Where do you draw the line when trying to catch child abusers? That’s what authorities have to decide when they run sting operations on the dark web. When Norwegian newspaper VG investigated one of the biggest child exploitation sites on the dark web, Child’s Play, they found that it had been run by Australian police for three months. The special unit out of Brisbane, dubbed Argos, had undercover detectives posting and sharing abuse materials on the site. The newspaper held off on reporting until now, a year later, to allow the police to finish its investigation.

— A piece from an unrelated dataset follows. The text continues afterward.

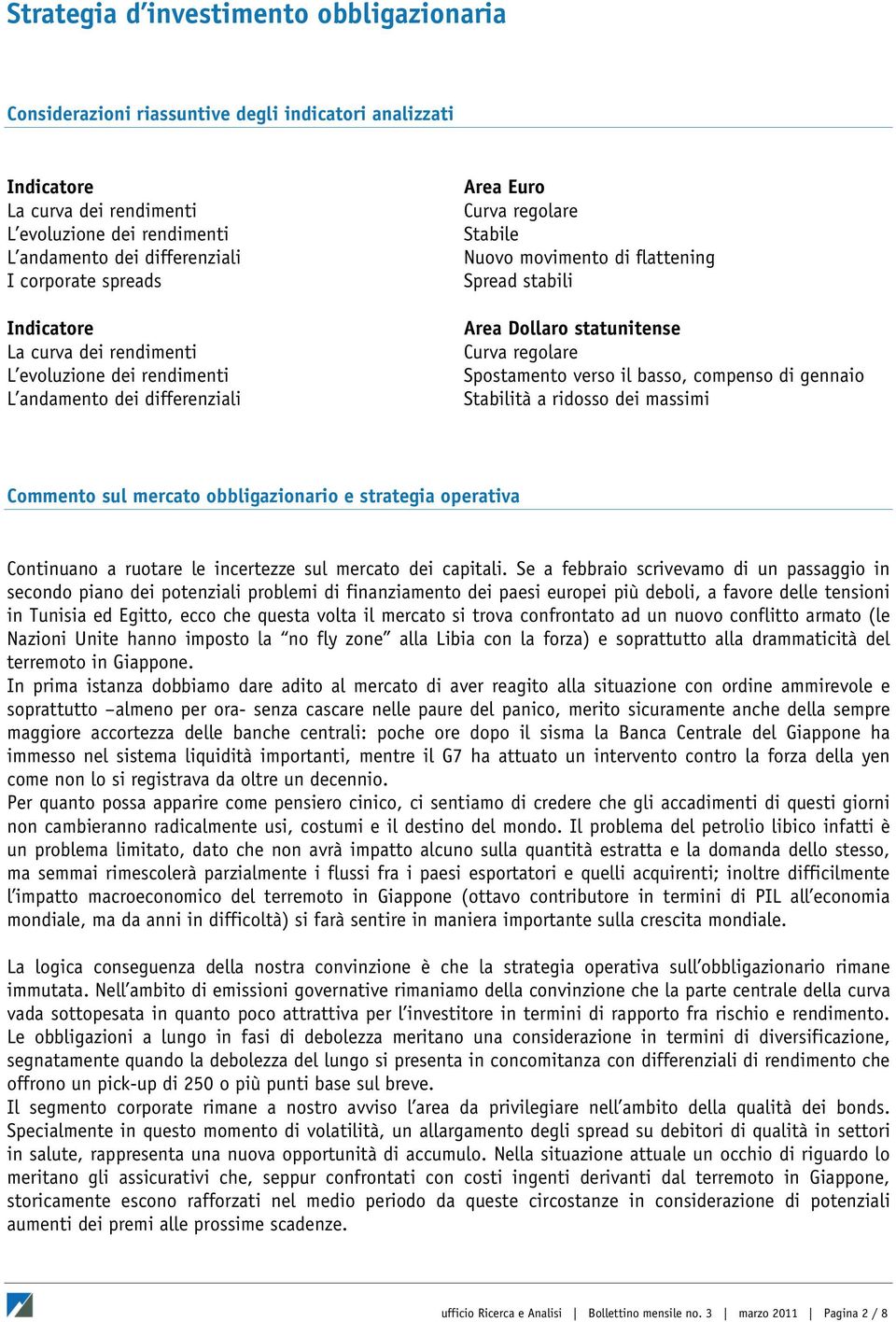 Dollaro statunitense Curva regolare Spostamento verso il basso, compenso di gennaio Stabilità a ridosso dei massimi Commento sul mercato obbligazionario e strategia operativa Continuano a ruotare le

According to a report in The Guardian, the abuse site was created in April of 2016 and had more than 1 million user registrations when police finally took it down last month; more than 3,000 of those users were active. The Guardian reports that the Argos investigation led to rescues of children around the globe and the arrest of criminal sex offenders. The website was founded by a Canadian and an American; the former is serving a life sentence for the sexual assault of a four-year-old in Virginia last year. The Australian police took over his identity to keep the site running. Members of the site expected a monthly post from its founder, which had to include images of child exploitation. There are no laws in Australia, says The Guardian, to prevent this.

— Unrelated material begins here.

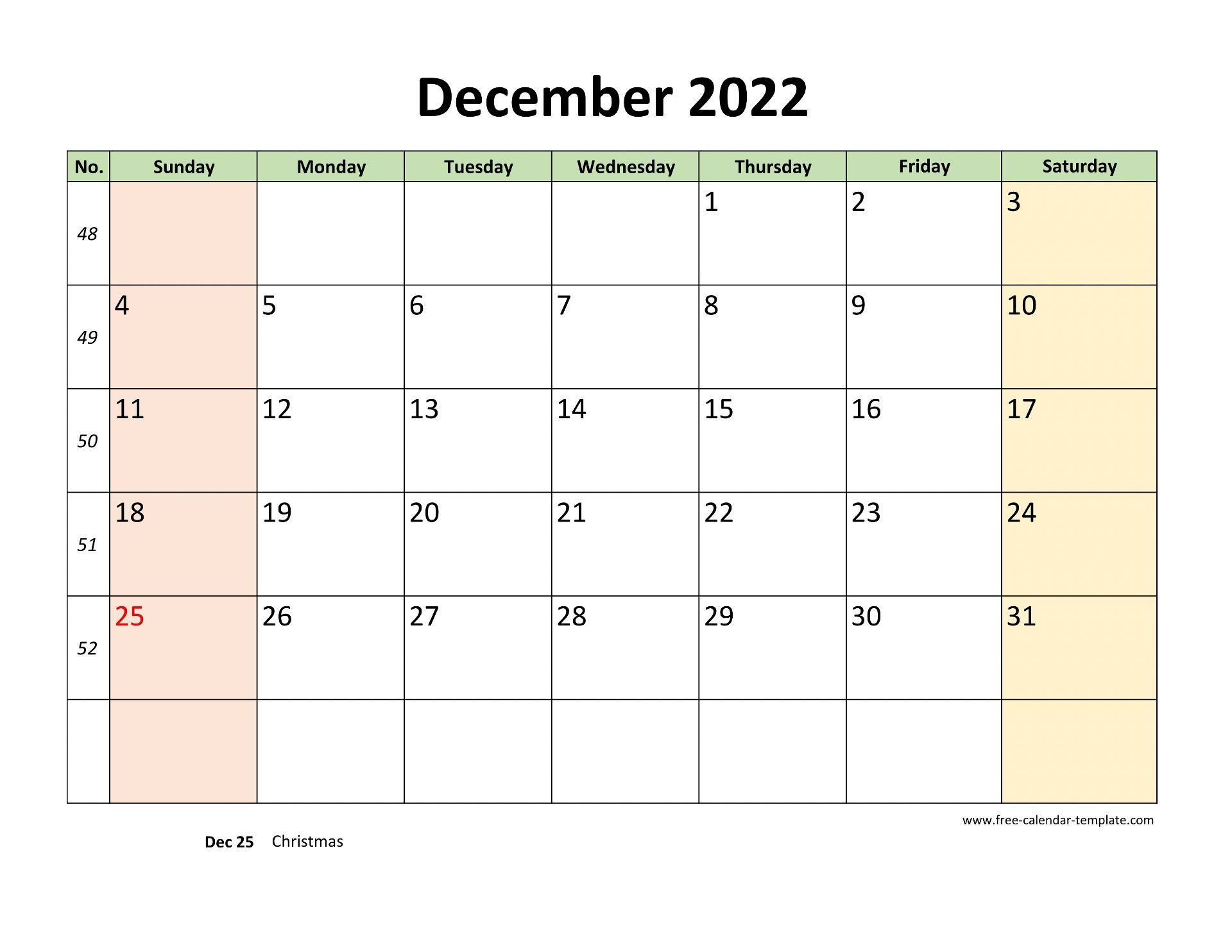 December 2022 Free Calendar Tempplate | Free-Calendar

While allowing such a site to continue operating may seem scandalous, the authorities and their supporters feel as if it was a necessary evil. “I think it’s a tough question for everyone involved, and I know it’s a tough question for police,” Hetty Johnston — founder of Australian advocacy group Bravehearts — told The Guardian. “But I support this 100 percent because the images that police would use would not be images that they create, they would be existing images. And the idea is to get to people who are currently sexually offending against children. This is a war, and we have to engage in the war. We have to engage in it.”